Bei Ausgrabungen in der Mainzer Johanniskirche fanden Forscher einen Sarkophag. 
Bei Ausgrabungen in der Mainzer Johanniskirche fanden Forscher einen Sarkophag. 
Source: Peter Zschunke/dpa

Die Forscher unter der Leitung des Schweizers Guido Faccani sind sich sicher: Er ist es! Ein Grab in der Johanniskirche in der deutschen Stadt Mainz soll die sterblichen Überreste des Erzbischofs Erkanbald bergen. Muss die Geschichte der über 2000 Jahre alten Stadt nun neu geschrieben werden?

Tausend Jahre ruhte ein Sarkophag unberührt im Boden der Mainzer Johanniskirche, bis er bei Grabungen entdeckt und geöffnet wurde. Fünf Monate später steht für Forscher fest, dass in der steinernen Grabstätte ein Erzbischof bestattet wurde.

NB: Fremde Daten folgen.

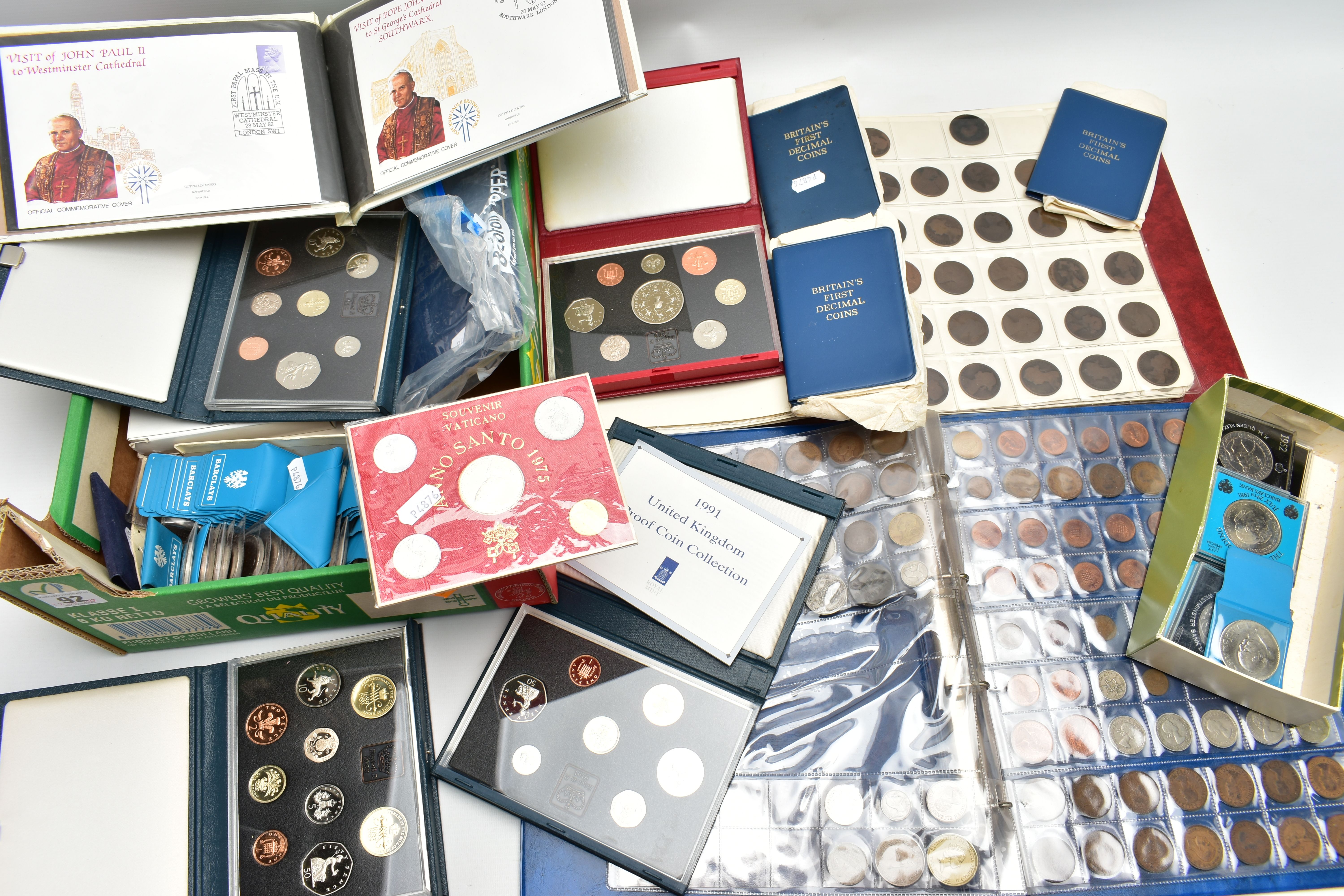 A CARDBOARD BOX OF MAINLY UK COINAGE, to include UK Proof sets of coins 1899,90,91,93,97, BU sets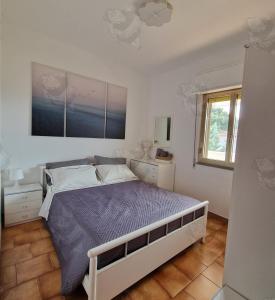 Un dormitorio con una cama grande y una ventana en Mamma Mia, en Marina di Ginosa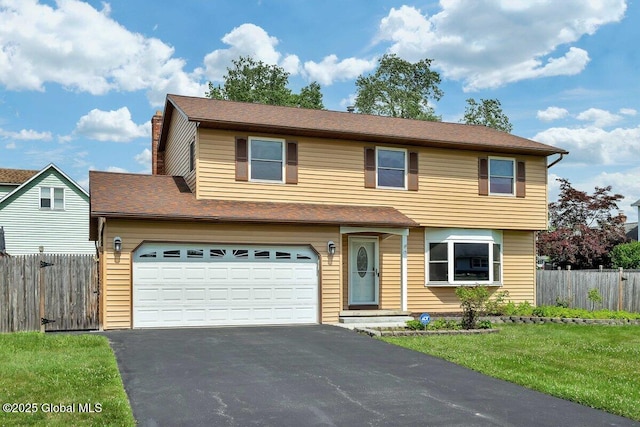 15 Deer Path Dr, Colonie, NY 12205 - view of front of house with driveway, a chimney, and an attached garage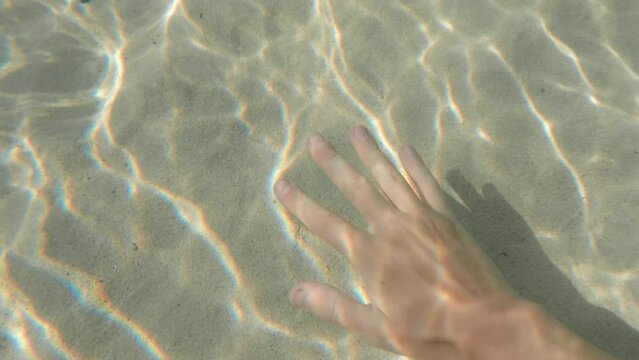 Amazingly beautiful abstract background with pattern of sun rays made by ocean ripples and male hand hitting the bottom creating a white sand cloud. Touching nature in tropical paradise. Sea bathing.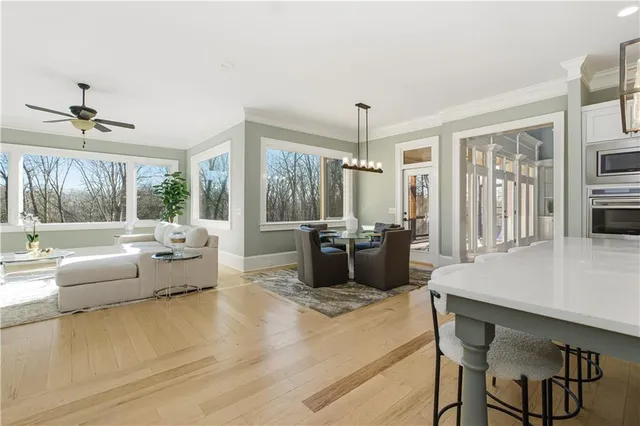a view of a work space with wooden floor and a potted plant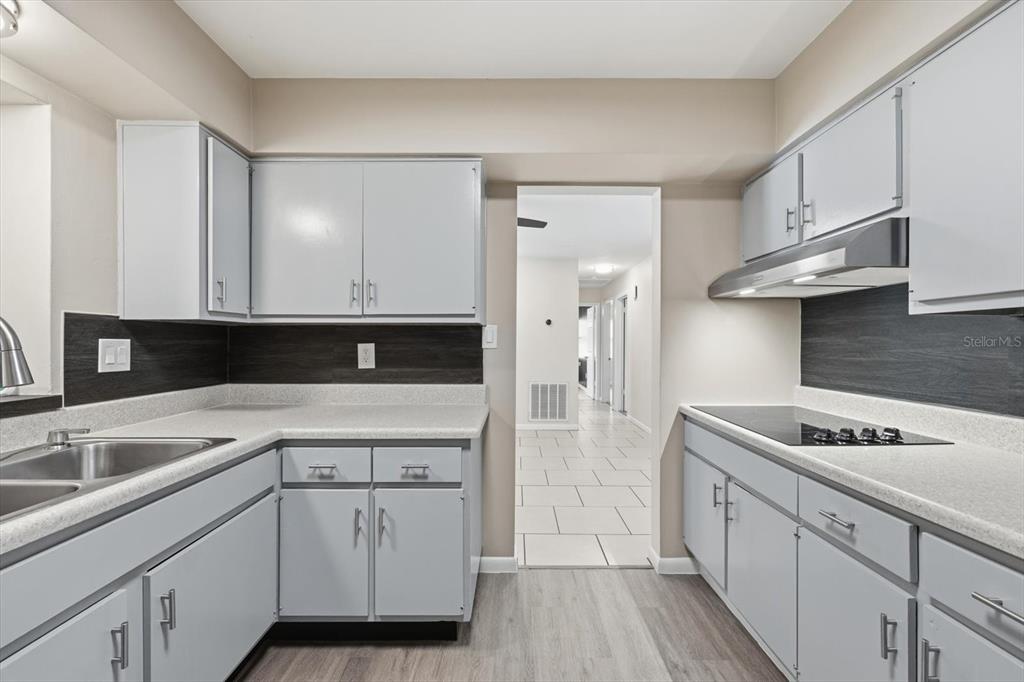 1439 Wilson Road Clearwater, FL 33755 - Photo 6 of 26 a kitchen with cabinets and white appliances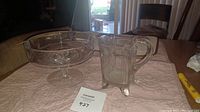 Photo of heavy glass pitcher and glass candy dish on table showing clear glass with edged design on pitcher and smooth pedestal candy dish.
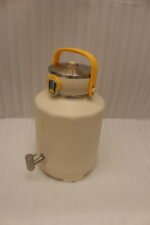 Off-white 7-liter insulated water cooler dispenser with spigot tap and stainless steel lid on a kitchen counter
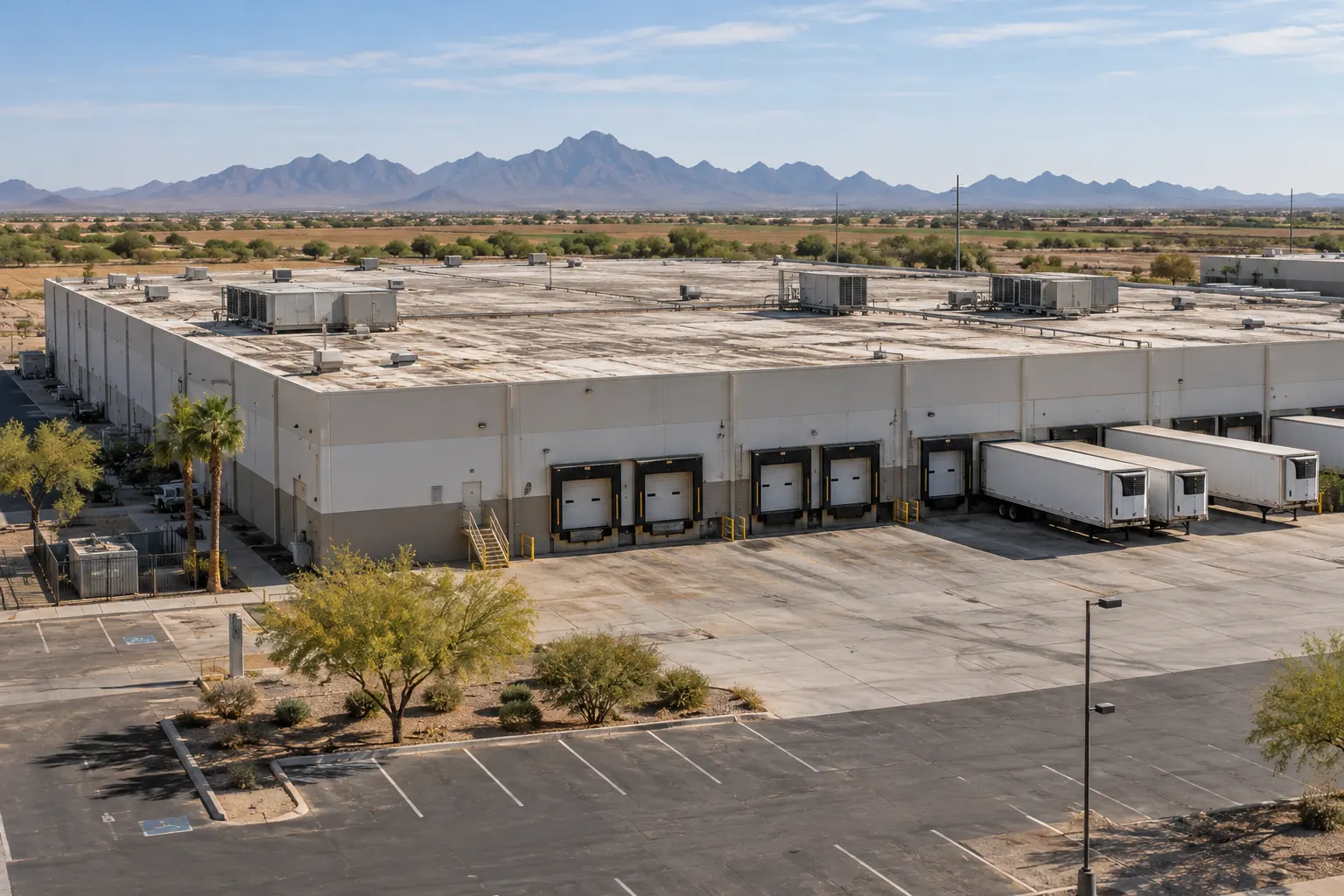 Aged distribution warehouse with truck docks and rooftop units on a large flat roof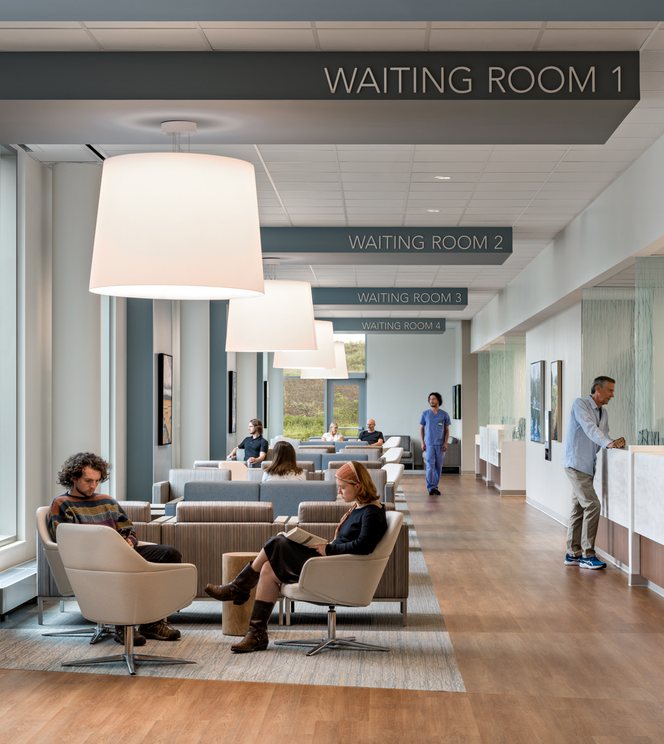 A daylit waiting area with lounge chairs and pendant lighting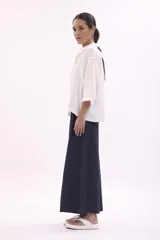 Camisa holgada de lino color rosado, con cuello camisero, manga 3/4 y botones frontales.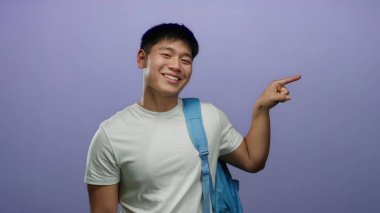 Mavi sırt çantalı beyaz gömlekli genç adam heyecanlı bir şekilde izole edilmiş mor arka planı işaret ediyor.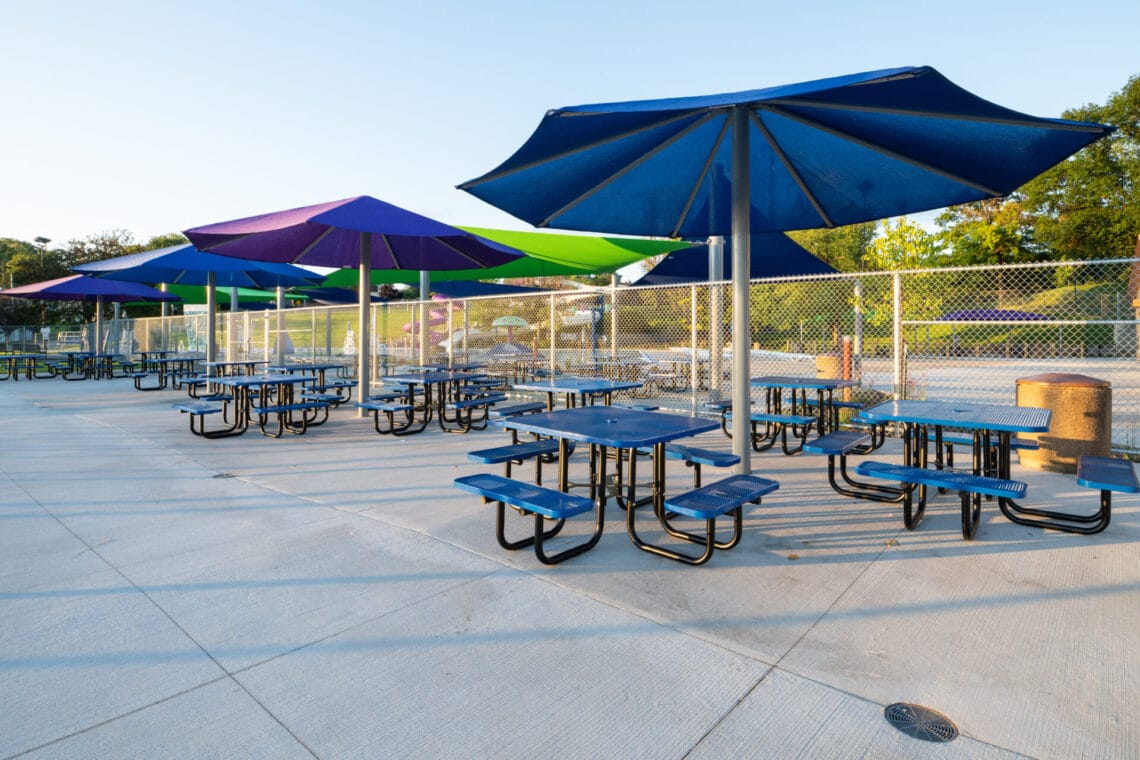 Shade structures and picnic tables at the City of Kaukauna Aquatic Center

«Er ist es», sagte der Schweizer Forschungsleiter Guido Faccani am Donnerstag in Mainz. Bei dem Toten handle es sich «mit an Sicherheit grenzender Wahrscheinlichkeit» um Erzbischof Erkanbald, der im Jahr 1021 starb. Die Untersuchung von Textilresten, die bei der Öffnung des Sarkophags gefunden wurden, lasse keinen anderen Schluss zu, erklärte Faccani.

Damit ist für die Wissenschaftler auch erwiesen, dass die heute evangelische Johanniskirche die erste Kathedrale der Bischofsstadt war, vor dem später erbauten heutigen Dom, der seit 1036 Bischofssitz ist. Damit müssten Teile der Mainzer Stadtgeschichte neu geschrieben werden. «Zwei Dome einen Steinwurf voneinander entfernt – das soll den Mainzern erst mal jemand nachmachen», sagte der evangelische Dekan Andreas Klodt. «Mainz am Rhein – die Stadt der zwei Dome.»

Mitglieder des internationalen Forscherteams dokumentieren den geöffneten Sarkophag.
Mitglieder des internationalen Forscherteams dokumentieren den geöffneten Sarkophag.
Bild: Andreas Arnold/dpa (Archivbild)

Faccani sprach von einem «Indizienprozess, wo kleine Mosaiksteine das Ganze bilden». Entscheidend für die zunächst offen gebliebene Identifizierung des Toten waren die im Grab gefundenen Textilreste. Die Textil-Restauratorin Anja Bauer fand heraus, dass der Tote eine Kasel, eine Art Umhang aus Seide, trug, die mit einer Goldborte am Nacken abgeschlossen war. Zudem kam sie zu dem Schluss, dass auf der Kasel ein Wollstoff lag, bei dem es sich um ein Pallium handelt, um das vom Papst direkt verliehene Ehrenzeichen eines Erzbischofs. Auch konnte rekonstruiert werden, dass der Tote mit sandalenartigen Schuhen aus Ziegenleder bestattet wurde. «Das sind Pontifikalschuhe, Schuhe eines Bischofs, die nur zu besonderen Anlässen getragen wurden», sagte Faccani.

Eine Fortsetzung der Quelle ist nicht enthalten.